[Tensorflow] Operator FakeQuantWithMinMaxVars not implemented


#1

I tried to run quantized models by tensorflow and i got this error. Could anyone give me some hints to implement this operator: FakeQuantWithMinMaxVars?

Traceback (most recent call last):
File “from_tensorflow.py”, line 55, in
sym, params = nnvm.frontend.from_tensorflow(graph_def)
File “/usr/local/lib/python2.7/dist-packages/nnvm-0.8.0-py2.7.egg/nnvm/frontend/tensorflow.py”, line 1202, in from_tensorflow
sym, params = g.from_tensorflow(graph)
File “/usr/local/lib/python2.7/dist-packages/nnvm-0.8.0-py2.7.egg/nnvm/frontend/tensorflow.py”, line 1005, in from_tensorflow
op = self._convert_operator(node.op, inputs, attr, graph)
File “/usr/local/lib/python2.7/dist-packages/nnvm-0.8.0-py2.7.egg/nnvm/frontend/tensorflow.py”, line 1169, in _convert_operator
raise NotImplementedError(“Operator {} not implemented.”.format(op_name))
NotImplementedError: Operator FakeQuantWithMinMaxVars not implemented.


#2

Has this problem been solved?


#3

I think it’s part of the RFC. Am I right @FrozenGene ?


#4

Yeah.
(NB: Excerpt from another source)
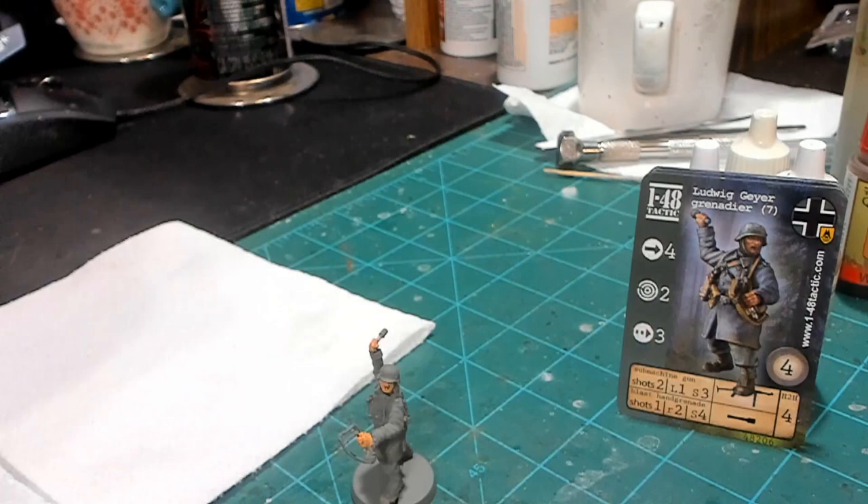Hello again everybody, this is Mr. Everything. I'm coming at you with another wargaming and miniature video. In this video we're going to be continuing on with our 1/48 tactics German miniature painting.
FakeQuantWithMinMaxVars op will be used for quantization min / max information of op. After quantization (i.e. after using tflite_converter or toco), this op will not be existed in tflite model. So, we shouldn’t import this model in Tensorflow frontend, should use TFLite frontend. I will support importing TFLite int8 model in TVM dev 0.6, then we can handle this condition.